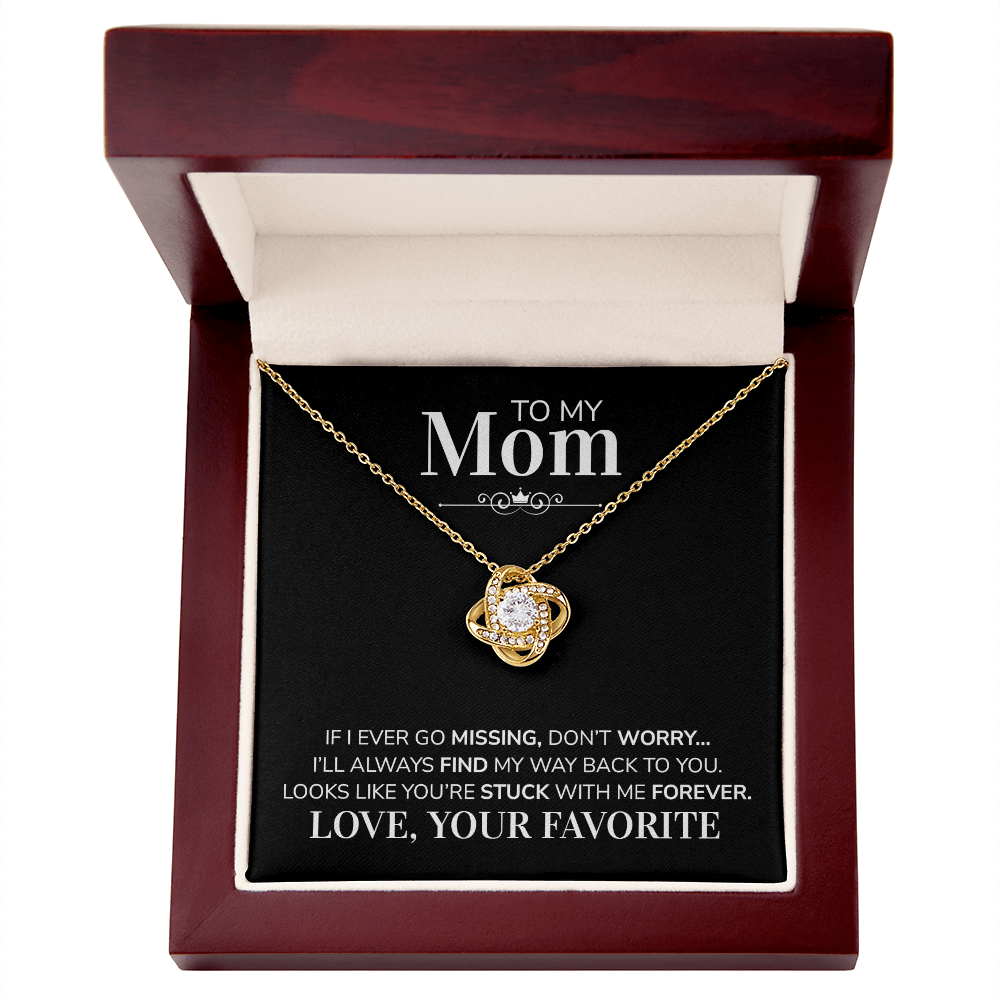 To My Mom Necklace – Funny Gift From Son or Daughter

* * *

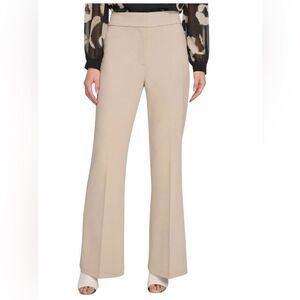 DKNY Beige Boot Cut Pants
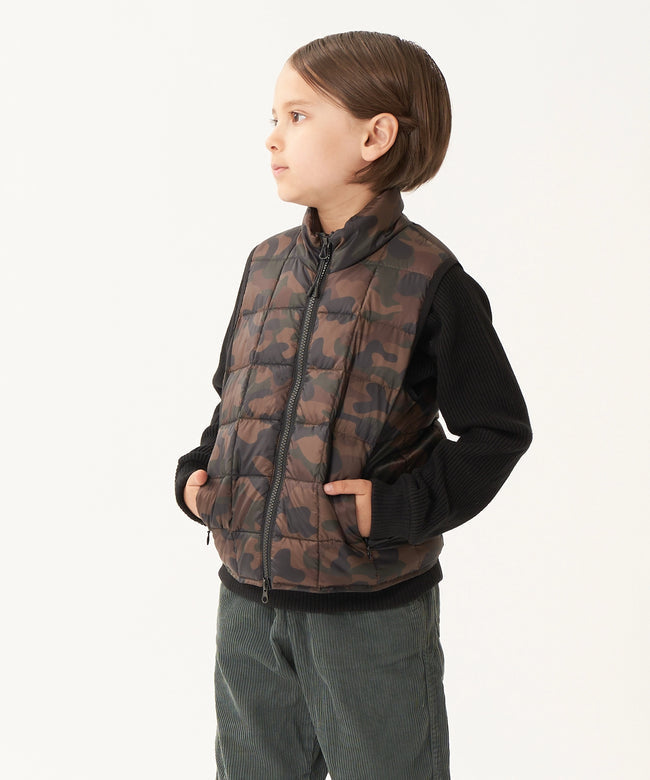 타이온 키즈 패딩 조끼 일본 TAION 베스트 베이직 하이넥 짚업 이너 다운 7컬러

==

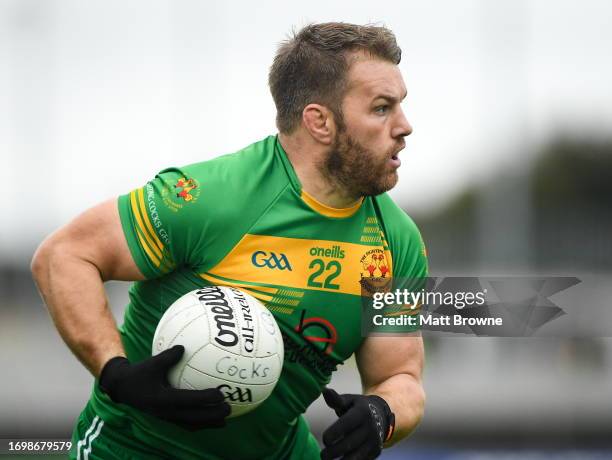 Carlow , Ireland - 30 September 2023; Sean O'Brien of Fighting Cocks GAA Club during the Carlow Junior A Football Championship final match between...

* _Task goal_
From the records above, transcribe only the stretch from the line with "DKNY Beige Boot Cut Pants" through the line with "타이온 키즈 패딩 조끼", keeping both ends. Omit pictures.

* _Output of the exercise_
 DKNY Beige Boot Cut Pants
 타이온 키즈 패딩 조끼 일본 TAION 베스트 베이직 하이넥 짚업 이너 다운 7컬러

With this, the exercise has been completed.